## WHAT YOU ARE ASKED TO DO
Each line of the material must be repeated precisely, with the pictures left out.

## DATA PROVIDED
---*---
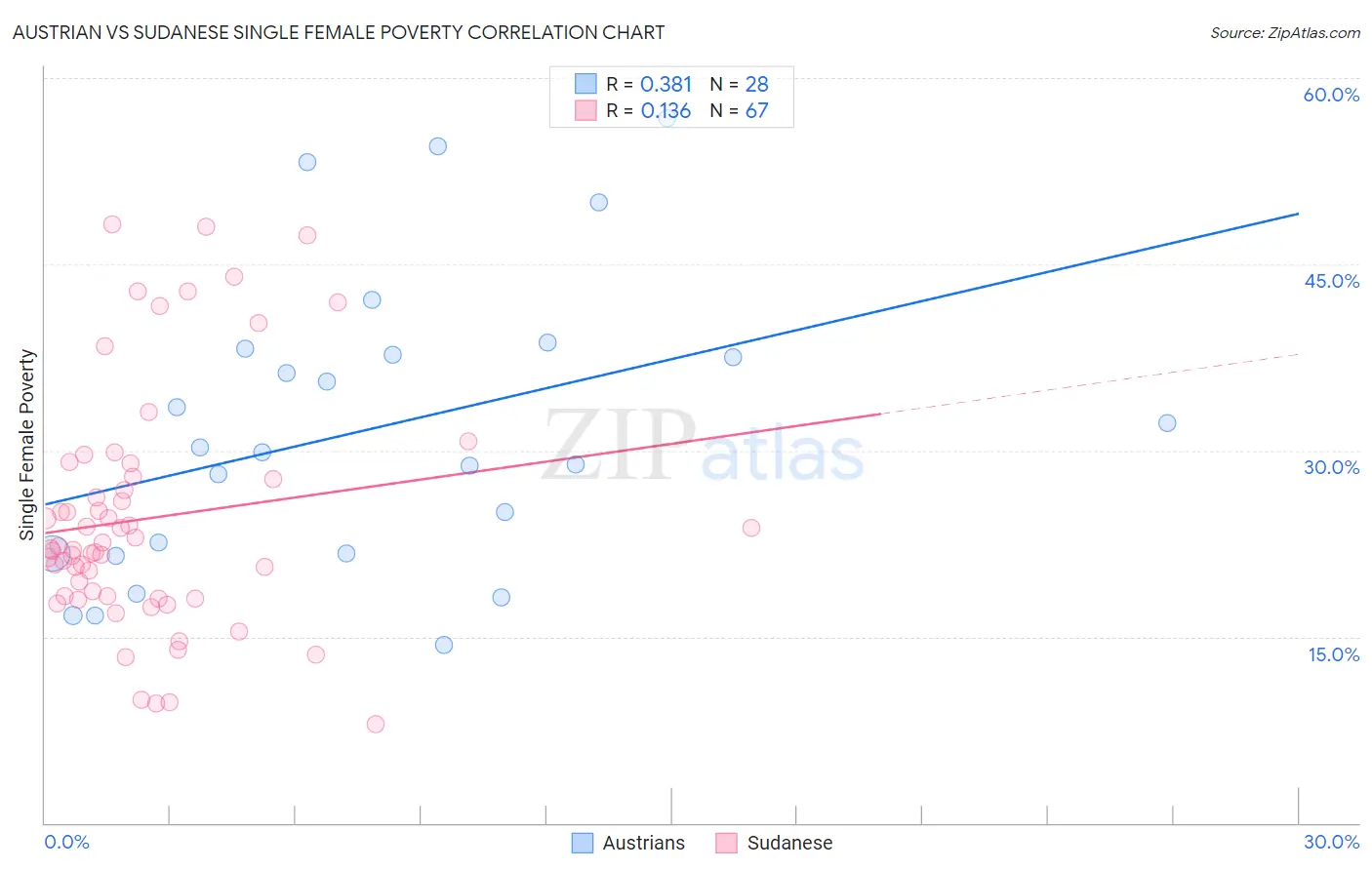 Austrian vs Sudanese Single Female Poverty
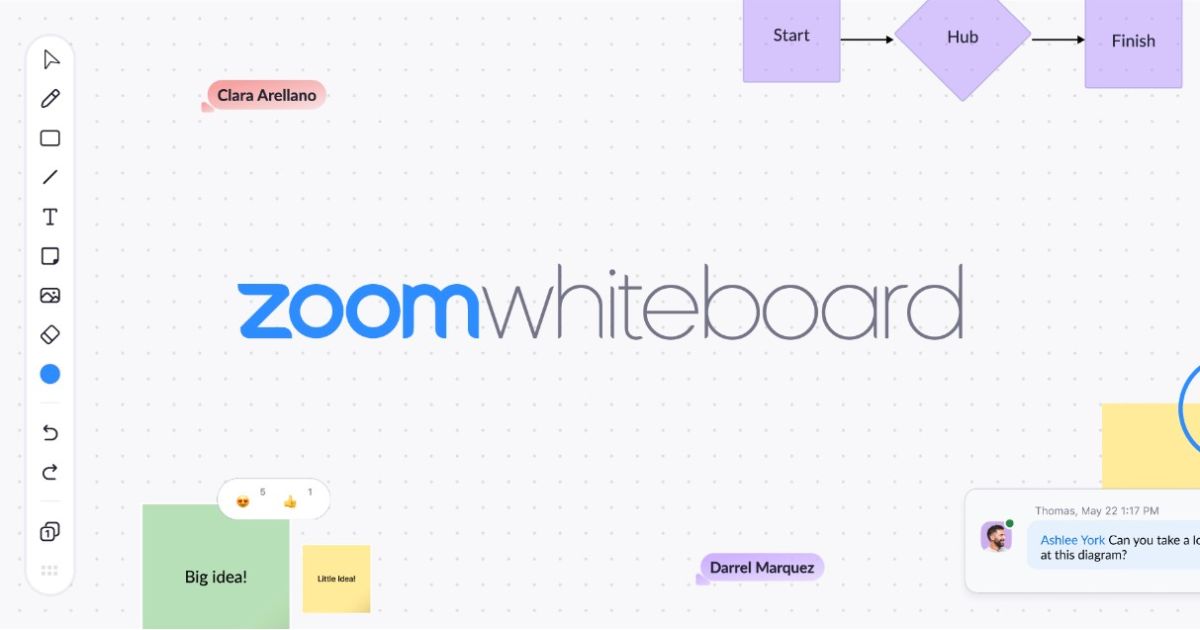 techlearning's tweet photo. What is Zoom Whiteboard? https://t.co/tBEn0ObaUU @Zoom #teaching #teachingtips #teachertwitter #edtech https://t.co/CWHOvsZqN3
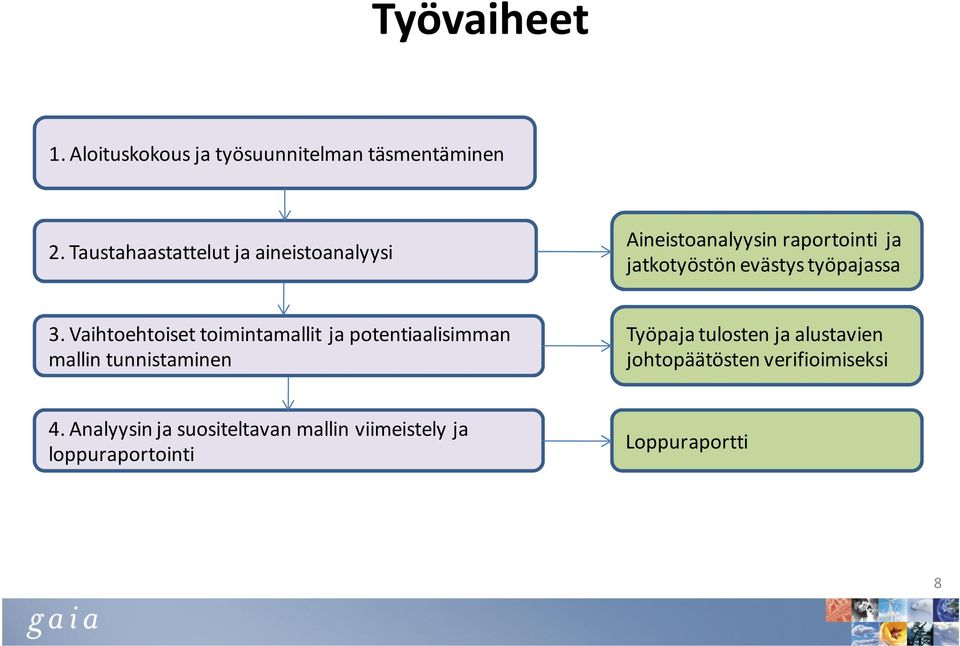 työpajassa 3.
---*---
## WRITTEN RESPONSE
 Austrian vs Sudanese Single Female Poverty
 techlearning's tweet photo. What is Zoom Whiteboard? https://t.co/tBEn0ObaUU @Zoom #teaching #teachingtips #teachertwitter #edtech https://t.co/CWHOvsZqN3
 työpajassa 3.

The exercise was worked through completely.